I completely agree that the two perspectives can be integrated (I even spend a paragraph discussing how, the one starting with "I also continue to think there is a place for micro-level skills..."). However, it is possible to micro-optimize successfully and still lose, but this is much less true of macro-optimization, so I actually do think it makes sense to present one as better than the other.
(There is a separate danger in macro-optimization, which is that it is easier to deceive yourself into thinking that a bad or neutral optimization is actually a good one. For classical examples, take going on diet X, or training yourself to sleep for only 5 hours each night.)
I think it's about more than the scope of the decision problem. The techniques you use to optimize at the macro-level are fundamentally different and I really do mean in many cases "change the structure of the search space". For many people, reading the Sequences had such an effect; or going to college; for me one of the most salient recent examples was working at Dropbox for the summer, which completely changed the way that I approached writing code. I didn't decide to work there due to the output of any explicit optimization, though. It was "this has many characteristics in common with the sort of thing that will end up changing my life; so, even though I can't give any specific mechanism as to how it will actually do that, I'm going to work there anyways".

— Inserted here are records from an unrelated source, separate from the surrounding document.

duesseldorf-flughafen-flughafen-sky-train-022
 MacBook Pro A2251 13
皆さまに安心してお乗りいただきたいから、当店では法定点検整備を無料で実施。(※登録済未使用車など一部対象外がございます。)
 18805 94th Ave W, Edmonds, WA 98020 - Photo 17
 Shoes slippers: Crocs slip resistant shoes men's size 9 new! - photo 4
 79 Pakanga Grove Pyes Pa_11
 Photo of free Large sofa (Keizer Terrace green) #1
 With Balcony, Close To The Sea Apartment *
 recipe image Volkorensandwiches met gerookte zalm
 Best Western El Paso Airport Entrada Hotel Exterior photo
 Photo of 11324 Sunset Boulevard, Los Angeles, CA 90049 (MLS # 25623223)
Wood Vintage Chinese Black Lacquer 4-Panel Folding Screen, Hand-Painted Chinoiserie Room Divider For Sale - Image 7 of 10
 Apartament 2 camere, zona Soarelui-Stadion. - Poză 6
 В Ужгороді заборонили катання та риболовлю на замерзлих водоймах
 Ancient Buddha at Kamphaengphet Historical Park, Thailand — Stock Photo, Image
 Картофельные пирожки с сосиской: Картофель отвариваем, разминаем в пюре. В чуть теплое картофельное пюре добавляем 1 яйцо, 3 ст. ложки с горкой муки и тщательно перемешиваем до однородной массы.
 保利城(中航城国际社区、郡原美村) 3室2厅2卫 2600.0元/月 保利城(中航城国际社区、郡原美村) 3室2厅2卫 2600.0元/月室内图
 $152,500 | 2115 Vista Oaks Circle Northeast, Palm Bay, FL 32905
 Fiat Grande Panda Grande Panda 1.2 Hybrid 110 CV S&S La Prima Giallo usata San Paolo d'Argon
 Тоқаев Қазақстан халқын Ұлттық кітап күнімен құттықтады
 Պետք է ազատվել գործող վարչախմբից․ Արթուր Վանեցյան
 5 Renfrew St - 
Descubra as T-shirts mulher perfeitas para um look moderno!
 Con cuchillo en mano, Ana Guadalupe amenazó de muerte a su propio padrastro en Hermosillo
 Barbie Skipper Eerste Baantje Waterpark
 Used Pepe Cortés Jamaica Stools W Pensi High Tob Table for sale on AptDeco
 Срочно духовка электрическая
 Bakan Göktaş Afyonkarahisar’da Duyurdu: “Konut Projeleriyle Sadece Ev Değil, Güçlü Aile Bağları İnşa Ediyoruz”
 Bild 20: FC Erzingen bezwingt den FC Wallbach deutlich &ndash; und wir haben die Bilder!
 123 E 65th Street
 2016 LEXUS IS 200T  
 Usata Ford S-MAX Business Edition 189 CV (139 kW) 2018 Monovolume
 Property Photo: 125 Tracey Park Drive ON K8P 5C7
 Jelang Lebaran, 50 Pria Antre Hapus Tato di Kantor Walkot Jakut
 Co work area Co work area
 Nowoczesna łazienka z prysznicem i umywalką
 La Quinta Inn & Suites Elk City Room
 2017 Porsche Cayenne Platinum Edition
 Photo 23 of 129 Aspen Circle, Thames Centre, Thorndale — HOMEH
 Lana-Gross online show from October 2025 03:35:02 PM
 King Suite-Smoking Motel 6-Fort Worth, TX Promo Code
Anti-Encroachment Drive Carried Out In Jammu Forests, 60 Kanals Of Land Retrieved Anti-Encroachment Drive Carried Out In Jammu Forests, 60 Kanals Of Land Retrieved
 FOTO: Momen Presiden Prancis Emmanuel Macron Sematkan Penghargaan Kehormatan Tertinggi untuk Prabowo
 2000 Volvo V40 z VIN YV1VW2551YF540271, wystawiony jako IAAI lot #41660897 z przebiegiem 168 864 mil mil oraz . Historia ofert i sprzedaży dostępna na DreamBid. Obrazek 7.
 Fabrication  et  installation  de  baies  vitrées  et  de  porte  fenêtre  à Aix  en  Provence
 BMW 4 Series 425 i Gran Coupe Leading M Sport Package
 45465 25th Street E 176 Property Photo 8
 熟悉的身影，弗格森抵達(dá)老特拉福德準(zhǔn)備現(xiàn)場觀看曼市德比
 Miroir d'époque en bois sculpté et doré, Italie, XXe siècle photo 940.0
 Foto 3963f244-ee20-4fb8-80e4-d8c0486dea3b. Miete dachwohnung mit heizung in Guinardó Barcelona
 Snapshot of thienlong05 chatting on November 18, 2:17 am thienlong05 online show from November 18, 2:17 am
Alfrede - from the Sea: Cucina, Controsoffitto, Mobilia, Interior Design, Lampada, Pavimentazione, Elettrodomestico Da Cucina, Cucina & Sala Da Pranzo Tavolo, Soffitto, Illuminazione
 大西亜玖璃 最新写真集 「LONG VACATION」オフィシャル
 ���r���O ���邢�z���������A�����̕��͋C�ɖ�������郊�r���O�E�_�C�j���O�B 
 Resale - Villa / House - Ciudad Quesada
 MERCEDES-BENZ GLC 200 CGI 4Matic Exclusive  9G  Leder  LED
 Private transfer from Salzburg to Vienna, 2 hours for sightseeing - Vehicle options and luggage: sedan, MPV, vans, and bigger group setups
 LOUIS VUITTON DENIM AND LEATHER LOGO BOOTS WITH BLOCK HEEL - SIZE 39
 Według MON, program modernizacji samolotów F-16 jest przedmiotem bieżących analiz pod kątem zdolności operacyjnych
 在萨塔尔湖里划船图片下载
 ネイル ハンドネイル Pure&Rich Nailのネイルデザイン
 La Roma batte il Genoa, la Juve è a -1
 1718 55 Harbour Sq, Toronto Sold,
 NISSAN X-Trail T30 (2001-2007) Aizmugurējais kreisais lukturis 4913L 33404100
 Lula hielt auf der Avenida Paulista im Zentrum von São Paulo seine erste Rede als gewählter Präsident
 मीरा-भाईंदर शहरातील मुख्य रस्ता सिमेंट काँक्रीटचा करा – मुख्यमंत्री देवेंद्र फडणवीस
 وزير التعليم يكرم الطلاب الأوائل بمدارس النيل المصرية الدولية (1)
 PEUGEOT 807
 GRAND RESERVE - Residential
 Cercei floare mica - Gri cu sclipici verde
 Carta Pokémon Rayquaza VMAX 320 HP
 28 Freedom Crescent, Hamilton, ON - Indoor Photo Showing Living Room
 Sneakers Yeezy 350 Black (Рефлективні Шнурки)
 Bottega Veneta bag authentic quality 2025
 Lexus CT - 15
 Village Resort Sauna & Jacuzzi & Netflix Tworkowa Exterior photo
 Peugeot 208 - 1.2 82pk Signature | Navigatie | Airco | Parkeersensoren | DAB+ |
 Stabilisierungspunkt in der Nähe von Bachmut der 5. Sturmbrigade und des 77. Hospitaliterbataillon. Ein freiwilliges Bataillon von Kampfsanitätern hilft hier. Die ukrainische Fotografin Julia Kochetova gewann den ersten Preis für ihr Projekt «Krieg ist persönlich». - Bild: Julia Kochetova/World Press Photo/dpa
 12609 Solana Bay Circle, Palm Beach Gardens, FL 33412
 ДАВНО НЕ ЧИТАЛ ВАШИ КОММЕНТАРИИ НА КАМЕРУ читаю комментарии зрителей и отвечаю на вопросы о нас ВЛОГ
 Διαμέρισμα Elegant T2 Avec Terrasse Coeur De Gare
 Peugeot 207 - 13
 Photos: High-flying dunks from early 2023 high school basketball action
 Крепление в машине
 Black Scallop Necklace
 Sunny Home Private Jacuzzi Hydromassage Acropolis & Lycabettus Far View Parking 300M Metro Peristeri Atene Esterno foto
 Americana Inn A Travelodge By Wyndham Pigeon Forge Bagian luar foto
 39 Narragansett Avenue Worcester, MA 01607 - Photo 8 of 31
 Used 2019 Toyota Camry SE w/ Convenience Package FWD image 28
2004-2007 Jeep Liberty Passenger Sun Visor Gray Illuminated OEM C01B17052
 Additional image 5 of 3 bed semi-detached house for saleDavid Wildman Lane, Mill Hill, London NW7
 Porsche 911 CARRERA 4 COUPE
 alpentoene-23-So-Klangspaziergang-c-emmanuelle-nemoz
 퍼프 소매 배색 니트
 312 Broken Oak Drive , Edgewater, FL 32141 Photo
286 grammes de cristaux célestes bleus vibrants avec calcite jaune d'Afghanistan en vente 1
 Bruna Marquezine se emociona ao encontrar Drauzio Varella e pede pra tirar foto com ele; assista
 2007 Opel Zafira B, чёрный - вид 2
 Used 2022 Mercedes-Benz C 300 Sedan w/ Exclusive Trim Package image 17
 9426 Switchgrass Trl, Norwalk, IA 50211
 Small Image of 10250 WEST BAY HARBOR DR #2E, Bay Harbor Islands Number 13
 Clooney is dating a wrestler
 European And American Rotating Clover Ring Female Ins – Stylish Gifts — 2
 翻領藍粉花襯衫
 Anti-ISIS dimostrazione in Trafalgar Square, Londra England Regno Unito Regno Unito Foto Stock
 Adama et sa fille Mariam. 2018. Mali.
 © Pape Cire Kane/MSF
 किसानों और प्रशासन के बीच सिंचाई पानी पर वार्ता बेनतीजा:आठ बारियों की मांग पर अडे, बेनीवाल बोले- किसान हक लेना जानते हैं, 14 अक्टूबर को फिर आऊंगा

Re: Toyota; the difference between Toyota and a human is that Toyota makes millions of cars each year, so even saving 1 penny on each car manufactured is worth tens of thousands of dollars to the company.
It's not clear to me that this is the case. The parts of the problem that are hardest change, but the problems are fundamentally similar in a deep way. I will agree that the training to improve macro-level optimizations and the training to improve micro-level optimizations have different focuses, and am working on a post that will be relevant to the former.